The following information is derived from a paper by Eric Ottenheijm of the University of Utrecht presented at the 2010 Society of Biblical Literature in the Matthew section.

In Matthew 5:1, Yeshua went up on “the mountain.” No one knows which mountain, although there is a lovely hill which is the traditional spot. More important than a physical location, though, is understanding the allusion of “the mountain.” There are a number of mountains of great significance in the Hebrew Bible. The echoes of Exodus and Isaiah in particular add depth and meaning to the Sermon on the Mount.

For a long time, it has been recognized that Yeshua’s ascending the mountain to deliver the Sermon on the Mount has echoes of Moses ascending Sinai to receive and then deliver the Torah. There is a long tradition of viewing the Beatitudes, for example, as a sort of new Ten Commandments.

Dale Allison, in The New Moses: A Matthean Typology, gives a few reinforcements to the Sinai imagery: (1) “went up the mountain” in the LXX (Greek or Septuagint version of the Bible) is used 18 times of Moses, (2) Yeshua sat on the mountain and Moses “dwelt” or “sat” forty days according to Deuteronomy 9:9, (3) other Jewish literature such as 4 Ezra 14 uses the “sat” motif to make a character echo Moses, and (4) Matthew 8:1 continues to echo language about Moses.

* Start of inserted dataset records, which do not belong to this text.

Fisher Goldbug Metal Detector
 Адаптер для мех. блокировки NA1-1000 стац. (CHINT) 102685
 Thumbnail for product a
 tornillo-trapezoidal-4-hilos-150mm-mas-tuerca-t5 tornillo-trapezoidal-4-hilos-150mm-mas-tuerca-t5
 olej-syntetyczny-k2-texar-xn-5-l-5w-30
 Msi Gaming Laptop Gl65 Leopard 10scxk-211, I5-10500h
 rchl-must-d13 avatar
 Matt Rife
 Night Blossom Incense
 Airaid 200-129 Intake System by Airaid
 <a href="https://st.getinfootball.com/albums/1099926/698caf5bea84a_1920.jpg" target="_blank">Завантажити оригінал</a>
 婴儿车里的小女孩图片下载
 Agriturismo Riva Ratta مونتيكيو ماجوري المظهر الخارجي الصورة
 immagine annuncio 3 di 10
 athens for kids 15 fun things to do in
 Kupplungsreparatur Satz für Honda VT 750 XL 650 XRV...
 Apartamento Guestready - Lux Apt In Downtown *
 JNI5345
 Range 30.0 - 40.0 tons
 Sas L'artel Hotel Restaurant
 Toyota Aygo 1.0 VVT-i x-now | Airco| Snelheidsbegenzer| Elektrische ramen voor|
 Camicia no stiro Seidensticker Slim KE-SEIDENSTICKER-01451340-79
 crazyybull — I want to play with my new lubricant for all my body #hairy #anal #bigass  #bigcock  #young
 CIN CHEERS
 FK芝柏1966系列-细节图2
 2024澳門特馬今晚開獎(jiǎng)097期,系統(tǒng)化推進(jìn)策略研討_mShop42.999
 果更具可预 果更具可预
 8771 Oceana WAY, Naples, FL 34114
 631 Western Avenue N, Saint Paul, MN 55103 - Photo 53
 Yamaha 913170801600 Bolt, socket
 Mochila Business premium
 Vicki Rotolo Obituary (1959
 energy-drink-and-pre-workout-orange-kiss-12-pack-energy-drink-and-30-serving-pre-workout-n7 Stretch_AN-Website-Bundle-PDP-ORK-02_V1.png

Eric Ottenheijm shows, however, that more than Moses is going in in the mount of the Sermon.

“How beautiful upon the mountains are the feet of him who brings good tidings, who publishes peace, who brings good tidings of good, who publishes salvation, who says to Zion, ‘Your God reigns,’” says Isaiah in 52:7.

“Get you up to a high mountain, O Zion, herald of good tidings,” is Isaiah’s word in 40:9.

“The Spirit of the Lord God is upon me, because the Lord has anointed me to bring good tidings to the afflicted,” Isaiah says in 61:1.

The mountain of Isaiah is the mountain of good news. The one whose feet are on it delivers good news to the poor. “Blessed are the poor,” says Yeshua in the Sermon.

Ottenheijm points out a few things about Isaiah and Matthew:
(1) Matthew quotes and alludes to Isaiah more than any other book.
(2) Matthew 4:12 – 5:11 (the larger section surrounding 5:1) begins and ends with Isaiah references (see below).
(3) Matthew is not the only Jewish literature combining Isaiah 52:7 with 40:9 and 61:1 (see below).

Is this a denial of the Moses/Sinai theme in Matthew? Not at all. Ottenheijm says that first, Isaiah took the mountain theme from the story of Israel and gave it a new twist and then Matthew took up Isaiah’s mountain theme, which already had Moses overtones, and gave it still a new twist:

Moses/Sinai/Torah –> messenger/mountain/good news in Isaiah –> Yeshua brings good news on the mountain.

In the time of Yeshua and Matthew, people read the Torah looking for connection to God and an end to the exile. They also read Isaiah this way, finding Isaiah to be a sort of messianic handbook of the last days. It is not hard to imagine those who first heard Matthew’s version of the Sermon read aloud connecting Yeshua with the messenger of good news in Isaiah. God sends his Torah and his good news from “the mountain.”

APPENDIX A: Isaiah in Matthew 4:12 – 5:11 (derived from Ottenheijm’s paper):

Matt 4:12-17 Galilee of the gentiles, Isaiah 8:23 – 9:1.

Matt 4:23 Good news, allusion to Isaiah 52:7 and 40:9.

Matt 5:1 Yeshua ascends the mountain and sits down.

Matt 5:3-5 First two Beatitudes compare to Isaiah 61:1-3.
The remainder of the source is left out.